----- Records for this exercise -----
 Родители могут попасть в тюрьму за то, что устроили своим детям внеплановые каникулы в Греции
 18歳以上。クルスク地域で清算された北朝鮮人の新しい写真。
-----
----- Records for this exercise -----
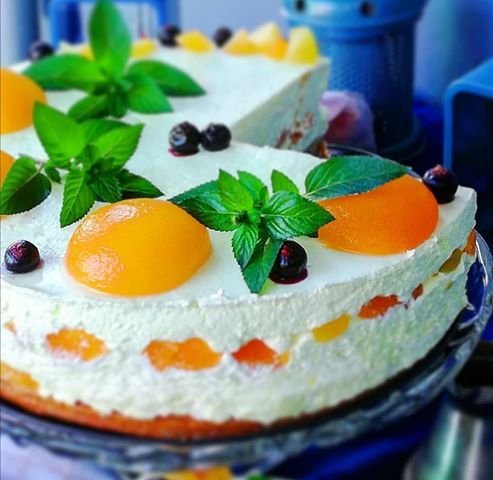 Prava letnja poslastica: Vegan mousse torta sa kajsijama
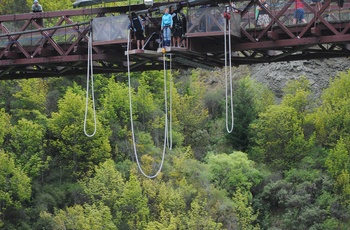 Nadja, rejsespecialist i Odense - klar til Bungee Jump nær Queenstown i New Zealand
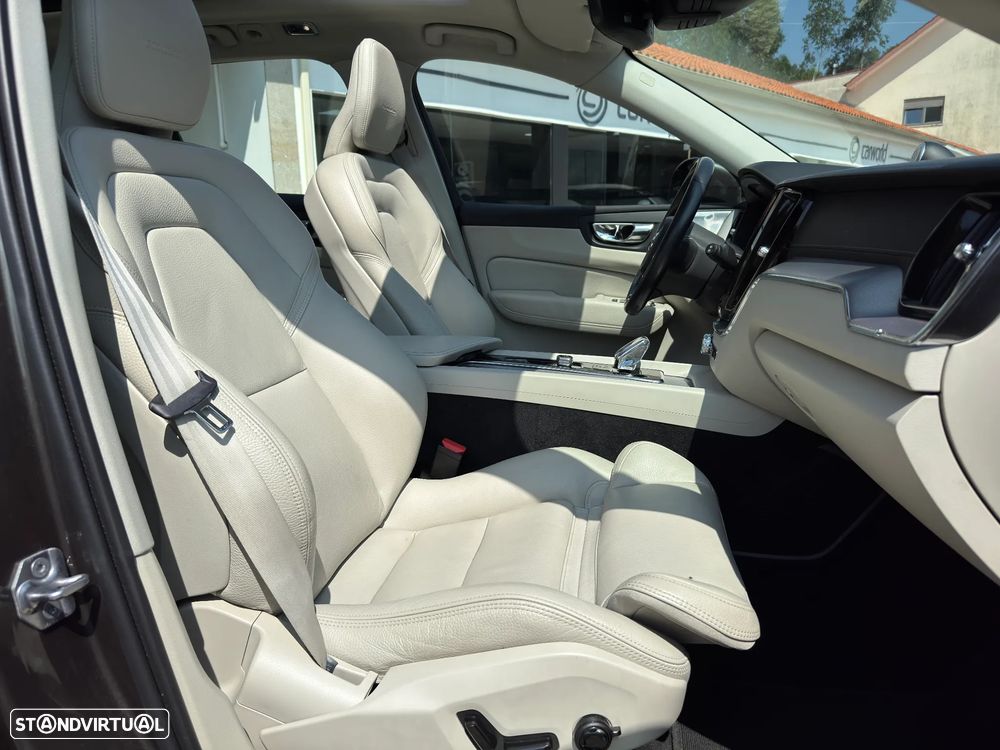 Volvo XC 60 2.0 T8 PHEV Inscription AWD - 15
-----
----- Records for this exercise -----
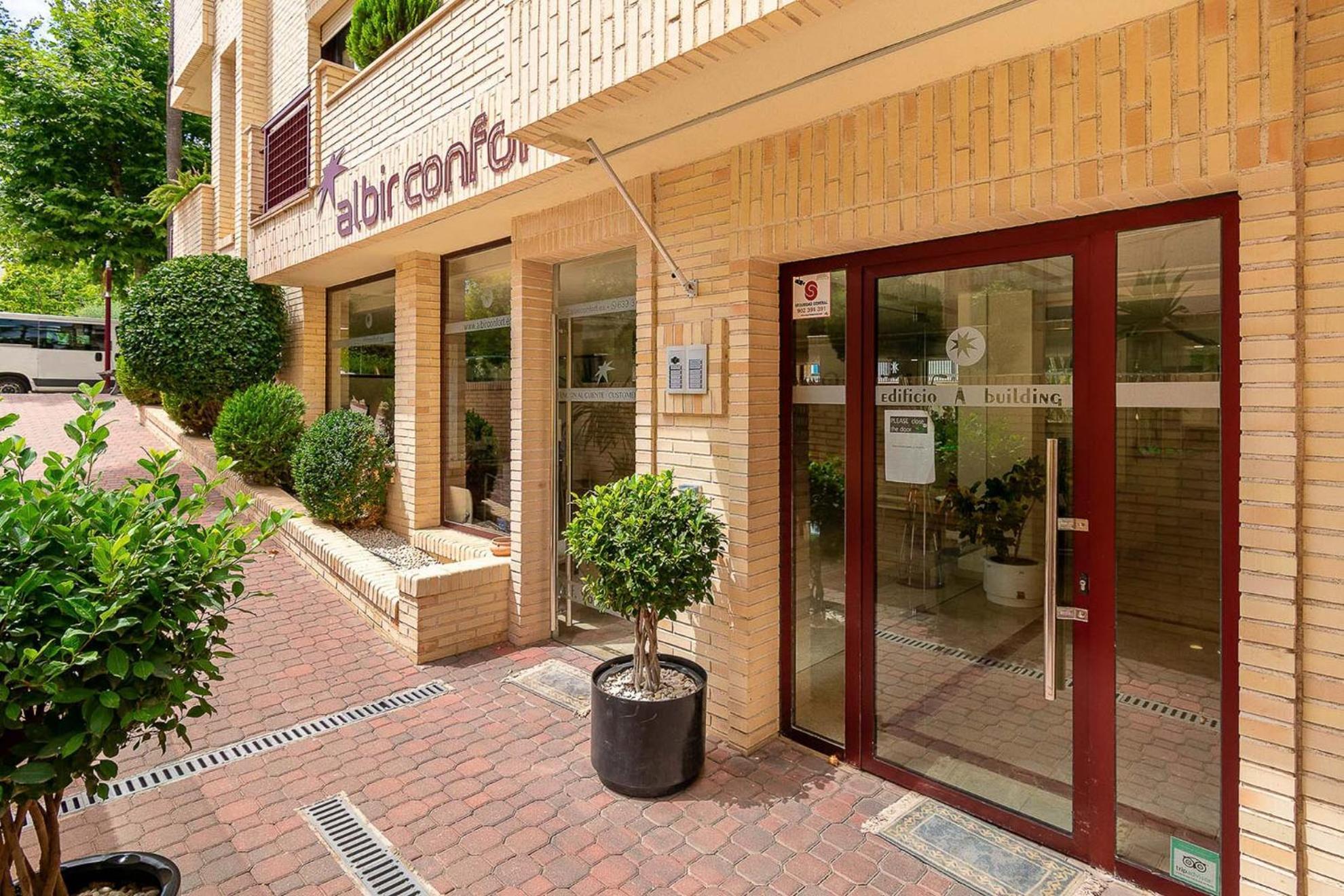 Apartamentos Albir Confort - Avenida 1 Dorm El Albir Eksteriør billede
-----
Instructions for the task: What belongs in the answer is each line above from the line with "Nadja, rejsespecialist i" to the line with "Volvo XC 60 2.0 T8 PHEV Inscription AWD - 15", inclusive, reproduced exactly and free of pictures.

Expected output:
 Nadja, rejsespecialist i Odense - klar til Bungee Jump nær Queenstown i New Zealand
 Volvo XC 60 2.0 T8 PHEV Inscription AWD - 15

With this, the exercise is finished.